Audio By Carbonatix
Labour expert, Austin Gamey, says government has no business directly employing people permanently into the public service.
According to him, the recruitment and employment of people into the public service is the preserve of the civil service which has laid down procedures to ensure that new workers are enrolled efficiently.
Speaking on JoyNews' PM Express, Austin Gamey, however, noted that it has become characteristic of successive Ghanaian governments to burden itself with the direct employment of people into the public service.
This, he says, is improper and must be discarded immediately.
He was speaking on the NABCo crisis and the failure of successive governments to maintain a robust youth employment scheme.
“I mean to be very blunt civil service is civil service and there are properly laid down structures including the optimum numbers they can take beyond which it will create problems for everybody.

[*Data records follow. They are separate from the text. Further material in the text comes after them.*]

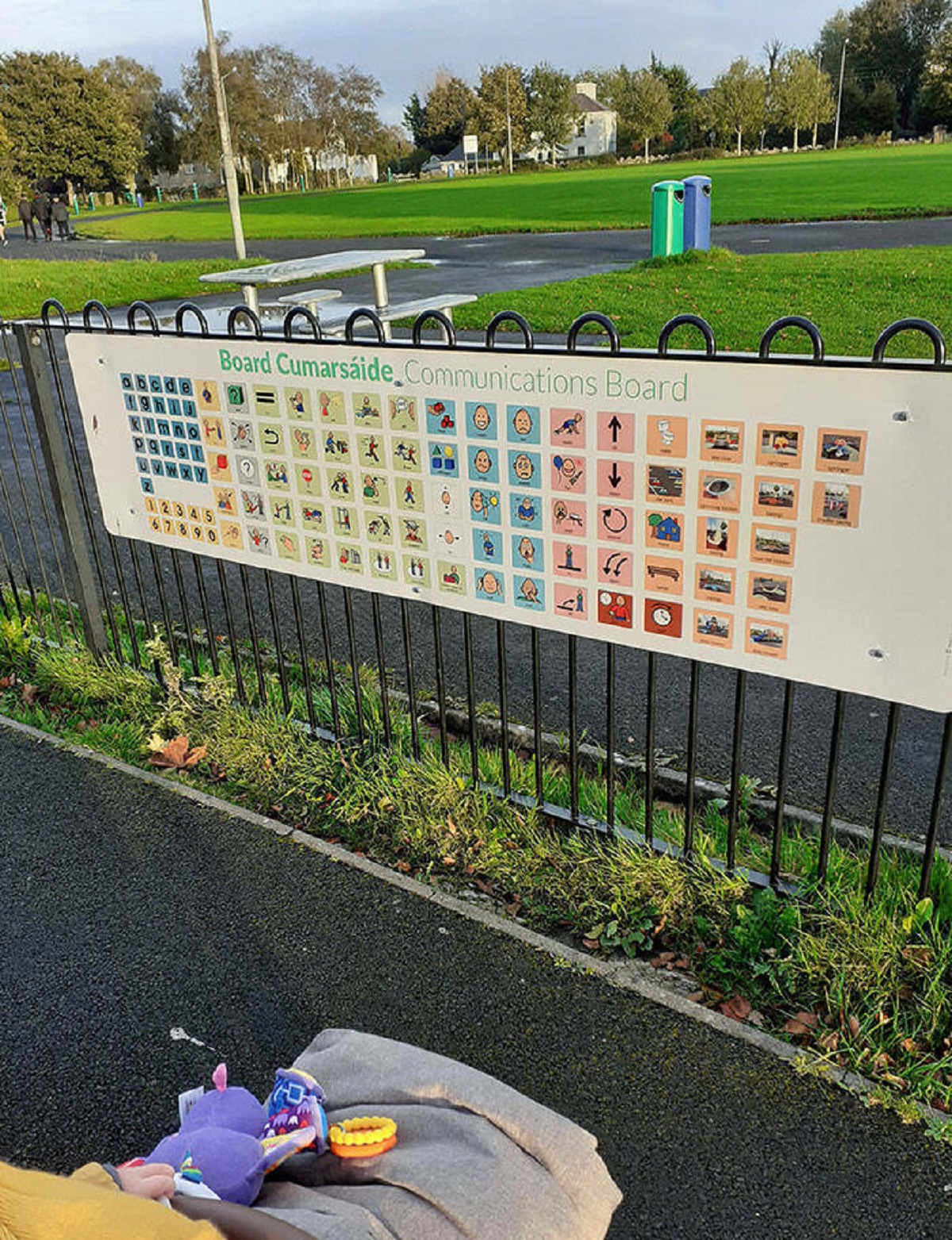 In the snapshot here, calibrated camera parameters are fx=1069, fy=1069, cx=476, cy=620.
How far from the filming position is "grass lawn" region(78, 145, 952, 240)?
91.1ft

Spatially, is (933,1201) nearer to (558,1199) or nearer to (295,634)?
(558,1199)

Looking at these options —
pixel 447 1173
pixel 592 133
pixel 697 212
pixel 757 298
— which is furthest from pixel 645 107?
pixel 447 1173

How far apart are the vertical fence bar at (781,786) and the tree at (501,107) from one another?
10376 centimetres

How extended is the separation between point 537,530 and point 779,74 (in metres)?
103

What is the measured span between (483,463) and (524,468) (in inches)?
6.0

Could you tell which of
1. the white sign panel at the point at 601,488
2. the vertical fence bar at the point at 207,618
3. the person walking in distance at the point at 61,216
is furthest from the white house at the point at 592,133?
the white sign panel at the point at 601,488

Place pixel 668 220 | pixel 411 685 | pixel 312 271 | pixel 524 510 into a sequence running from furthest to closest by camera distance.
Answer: pixel 668 220 < pixel 312 271 < pixel 411 685 < pixel 524 510

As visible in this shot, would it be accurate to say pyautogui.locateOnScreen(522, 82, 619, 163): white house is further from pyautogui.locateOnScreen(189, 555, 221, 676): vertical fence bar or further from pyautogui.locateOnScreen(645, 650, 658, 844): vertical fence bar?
pyautogui.locateOnScreen(645, 650, 658, 844): vertical fence bar

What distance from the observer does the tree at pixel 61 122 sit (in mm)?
63344

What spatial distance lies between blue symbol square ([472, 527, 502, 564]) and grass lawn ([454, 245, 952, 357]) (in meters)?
7.05

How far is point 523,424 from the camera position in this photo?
2947 millimetres

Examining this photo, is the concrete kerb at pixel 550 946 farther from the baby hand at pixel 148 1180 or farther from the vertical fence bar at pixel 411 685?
the baby hand at pixel 148 1180

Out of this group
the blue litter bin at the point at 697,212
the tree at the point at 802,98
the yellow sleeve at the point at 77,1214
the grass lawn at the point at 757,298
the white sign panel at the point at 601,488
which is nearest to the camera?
the yellow sleeve at the point at 77,1214

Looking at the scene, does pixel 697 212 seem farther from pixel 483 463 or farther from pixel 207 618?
pixel 483 463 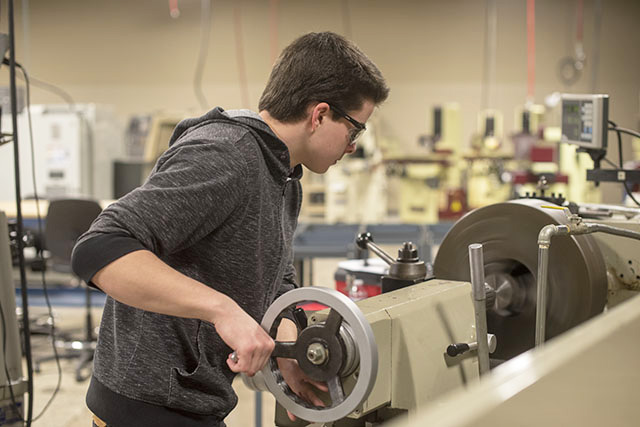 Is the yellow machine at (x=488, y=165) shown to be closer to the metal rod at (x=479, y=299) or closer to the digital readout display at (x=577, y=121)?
the digital readout display at (x=577, y=121)

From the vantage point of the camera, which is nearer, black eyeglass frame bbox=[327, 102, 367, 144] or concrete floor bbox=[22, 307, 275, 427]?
black eyeglass frame bbox=[327, 102, 367, 144]

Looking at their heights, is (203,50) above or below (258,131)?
above

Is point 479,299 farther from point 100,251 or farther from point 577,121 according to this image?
point 577,121

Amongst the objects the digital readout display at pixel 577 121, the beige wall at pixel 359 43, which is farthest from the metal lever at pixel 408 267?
the beige wall at pixel 359 43

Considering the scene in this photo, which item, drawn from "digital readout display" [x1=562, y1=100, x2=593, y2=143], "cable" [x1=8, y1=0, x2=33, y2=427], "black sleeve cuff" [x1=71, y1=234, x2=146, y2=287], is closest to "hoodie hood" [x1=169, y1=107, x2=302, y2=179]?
"black sleeve cuff" [x1=71, y1=234, x2=146, y2=287]

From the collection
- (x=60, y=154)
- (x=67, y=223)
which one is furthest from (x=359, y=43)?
(x=67, y=223)

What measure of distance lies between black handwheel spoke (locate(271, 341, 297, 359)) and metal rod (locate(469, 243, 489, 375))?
30cm

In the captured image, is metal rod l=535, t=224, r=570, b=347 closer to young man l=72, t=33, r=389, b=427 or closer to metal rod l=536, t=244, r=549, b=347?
metal rod l=536, t=244, r=549, b=347

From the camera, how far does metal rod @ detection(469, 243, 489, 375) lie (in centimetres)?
104

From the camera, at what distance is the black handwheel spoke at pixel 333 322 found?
90cm

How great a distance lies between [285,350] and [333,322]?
0.08 m

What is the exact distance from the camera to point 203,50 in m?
7.14

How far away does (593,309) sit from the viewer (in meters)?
1.33

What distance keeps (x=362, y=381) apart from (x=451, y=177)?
409cm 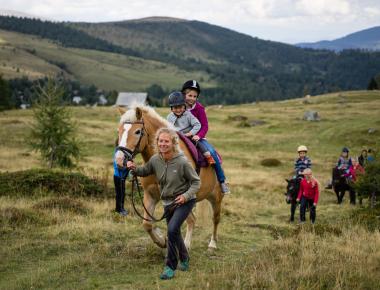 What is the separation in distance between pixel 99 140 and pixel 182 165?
Answer: 145 ft

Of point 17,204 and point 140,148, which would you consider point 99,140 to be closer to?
point 17,204

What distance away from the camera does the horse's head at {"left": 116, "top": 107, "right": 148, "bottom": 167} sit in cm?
670

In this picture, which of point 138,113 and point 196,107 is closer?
point 138,113

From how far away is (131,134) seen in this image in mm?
6992

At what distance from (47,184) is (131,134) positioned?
8.65m

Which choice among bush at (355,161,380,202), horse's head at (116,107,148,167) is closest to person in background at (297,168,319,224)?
bush at (355,161,380,202)

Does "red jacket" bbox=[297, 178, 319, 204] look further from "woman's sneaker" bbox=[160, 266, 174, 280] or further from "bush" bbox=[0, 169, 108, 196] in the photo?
"woman's sneaker" bbox=[160, 266, 174, 280]

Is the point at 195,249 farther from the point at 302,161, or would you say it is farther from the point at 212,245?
the point at 302,161

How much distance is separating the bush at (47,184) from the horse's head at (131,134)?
803 cm

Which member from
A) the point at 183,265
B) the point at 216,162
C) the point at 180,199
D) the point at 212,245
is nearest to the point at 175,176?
the point at 180,199

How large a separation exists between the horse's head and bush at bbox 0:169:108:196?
316 inches

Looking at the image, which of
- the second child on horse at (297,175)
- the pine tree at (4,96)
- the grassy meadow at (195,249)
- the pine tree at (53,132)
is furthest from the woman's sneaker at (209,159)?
the pine tree at (4,96)

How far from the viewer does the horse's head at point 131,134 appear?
6.70m

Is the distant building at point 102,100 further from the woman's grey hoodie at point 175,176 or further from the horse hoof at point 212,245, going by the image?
the woman's grey hoodie at point 175,176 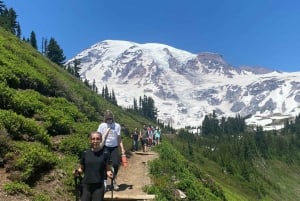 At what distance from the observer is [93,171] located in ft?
36.9

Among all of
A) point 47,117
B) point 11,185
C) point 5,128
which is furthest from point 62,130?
point 11,185

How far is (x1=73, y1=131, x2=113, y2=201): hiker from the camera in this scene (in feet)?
36.8

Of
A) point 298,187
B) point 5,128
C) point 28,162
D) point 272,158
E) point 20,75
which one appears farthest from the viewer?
point 272,158

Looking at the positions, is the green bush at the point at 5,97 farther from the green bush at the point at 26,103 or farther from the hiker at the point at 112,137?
the hiker at the point at 112,137

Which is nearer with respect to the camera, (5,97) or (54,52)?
(5,97)

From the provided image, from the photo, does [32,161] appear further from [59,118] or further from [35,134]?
[59,118]

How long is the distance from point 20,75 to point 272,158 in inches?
6781

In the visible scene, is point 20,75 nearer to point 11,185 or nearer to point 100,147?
point 11,185

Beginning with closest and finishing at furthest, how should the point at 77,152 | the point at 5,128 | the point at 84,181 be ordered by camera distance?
the point at 84,181 < the point at 5,128 < the point at 77,152

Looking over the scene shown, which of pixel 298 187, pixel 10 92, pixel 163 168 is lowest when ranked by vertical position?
pixel 298 187

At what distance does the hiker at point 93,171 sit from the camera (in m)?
11.2

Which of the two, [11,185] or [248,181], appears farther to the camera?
[248,181]

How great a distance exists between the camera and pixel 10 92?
74.1ft

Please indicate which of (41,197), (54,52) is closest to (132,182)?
(41,197) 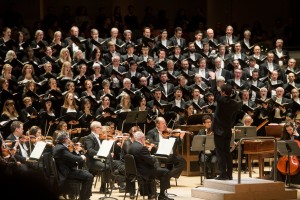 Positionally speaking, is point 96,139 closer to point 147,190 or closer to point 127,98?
point 147,190

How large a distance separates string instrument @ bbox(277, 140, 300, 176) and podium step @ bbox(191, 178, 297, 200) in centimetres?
102

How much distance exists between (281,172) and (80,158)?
11.0 feet

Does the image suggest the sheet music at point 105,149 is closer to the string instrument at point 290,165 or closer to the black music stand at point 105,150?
the black music stand at point 105,150

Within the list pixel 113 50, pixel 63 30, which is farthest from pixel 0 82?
pixel 63 30

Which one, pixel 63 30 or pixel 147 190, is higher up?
pixel 63 30

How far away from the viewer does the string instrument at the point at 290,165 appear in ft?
28.3

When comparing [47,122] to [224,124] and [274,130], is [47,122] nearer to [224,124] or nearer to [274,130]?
[224,124]

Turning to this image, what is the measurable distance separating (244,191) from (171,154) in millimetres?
1742

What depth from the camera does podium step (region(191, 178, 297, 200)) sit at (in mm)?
7172

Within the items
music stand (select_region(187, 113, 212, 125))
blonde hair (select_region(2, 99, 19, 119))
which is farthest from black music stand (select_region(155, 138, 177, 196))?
blonde hair (select_region(2, 99, 19, 119))

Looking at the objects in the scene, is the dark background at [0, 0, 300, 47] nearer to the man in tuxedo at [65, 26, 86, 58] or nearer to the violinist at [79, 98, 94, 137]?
the man in tuxedo at [65, 26, 86, 58]

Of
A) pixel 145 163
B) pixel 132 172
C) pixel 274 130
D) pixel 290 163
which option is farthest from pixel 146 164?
pixel 274 130

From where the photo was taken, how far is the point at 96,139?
8211 mm

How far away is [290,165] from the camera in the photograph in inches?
340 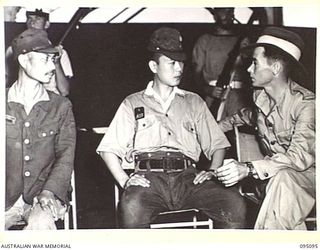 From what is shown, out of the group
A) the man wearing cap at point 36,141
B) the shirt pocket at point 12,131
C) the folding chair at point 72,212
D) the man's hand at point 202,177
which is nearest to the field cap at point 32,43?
the man wearing cap at point 36,141

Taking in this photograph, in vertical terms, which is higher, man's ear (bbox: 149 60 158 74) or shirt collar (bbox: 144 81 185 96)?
man's ear (bbox: 149 60 158 74)

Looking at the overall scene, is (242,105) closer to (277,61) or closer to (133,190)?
(277,61)

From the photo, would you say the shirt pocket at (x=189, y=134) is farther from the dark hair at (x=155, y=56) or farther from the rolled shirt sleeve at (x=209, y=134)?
the dark hair at (x=155, y=56)

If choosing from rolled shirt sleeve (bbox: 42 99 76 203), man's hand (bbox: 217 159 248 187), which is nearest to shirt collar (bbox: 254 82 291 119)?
man's hand (bbox: 217 159 248 187)

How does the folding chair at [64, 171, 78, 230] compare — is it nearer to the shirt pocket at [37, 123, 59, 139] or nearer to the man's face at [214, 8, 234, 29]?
the shirt pocket at [37, 123, 59, 139]

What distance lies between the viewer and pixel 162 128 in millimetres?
953

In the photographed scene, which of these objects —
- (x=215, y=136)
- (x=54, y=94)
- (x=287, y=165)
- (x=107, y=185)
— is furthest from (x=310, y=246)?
(x=54, y=94)

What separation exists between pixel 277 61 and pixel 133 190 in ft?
1.10

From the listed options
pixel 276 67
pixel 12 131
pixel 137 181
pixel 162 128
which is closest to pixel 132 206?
pixel 137 181

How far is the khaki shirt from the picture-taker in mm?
946

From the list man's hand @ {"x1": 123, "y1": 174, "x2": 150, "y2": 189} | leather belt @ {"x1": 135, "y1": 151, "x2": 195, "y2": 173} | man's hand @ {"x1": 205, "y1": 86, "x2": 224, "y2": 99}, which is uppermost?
man's hand @ {"x1": 205, "y1": 86, "x2": 224, "y2": 99}

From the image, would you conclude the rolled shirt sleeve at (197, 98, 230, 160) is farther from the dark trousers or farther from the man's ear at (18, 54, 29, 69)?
the man's ear at (18, 54, 29, 69)

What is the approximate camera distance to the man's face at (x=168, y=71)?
953 mm

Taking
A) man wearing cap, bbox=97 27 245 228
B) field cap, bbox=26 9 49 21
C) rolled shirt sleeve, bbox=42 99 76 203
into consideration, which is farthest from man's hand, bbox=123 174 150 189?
field cap, bbox=26 9 49 21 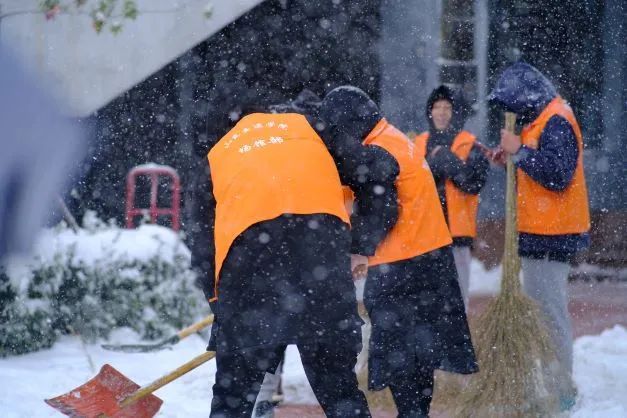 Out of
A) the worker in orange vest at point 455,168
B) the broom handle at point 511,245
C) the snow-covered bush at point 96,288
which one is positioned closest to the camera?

“If we can stick to that and government can have these things [NABCo] as a vehicle, as a stopgap vehicle as said by… the President himself when he was launching these programmes – I recall very well the first one in Kumasi, clearly it was not intended to be a permanent vehicle,” he said.
He explained that the NABCo was only expected to give beneficiaries a taste of work-life after which they could readily transition into the private sector or into available vacancies in the government sector.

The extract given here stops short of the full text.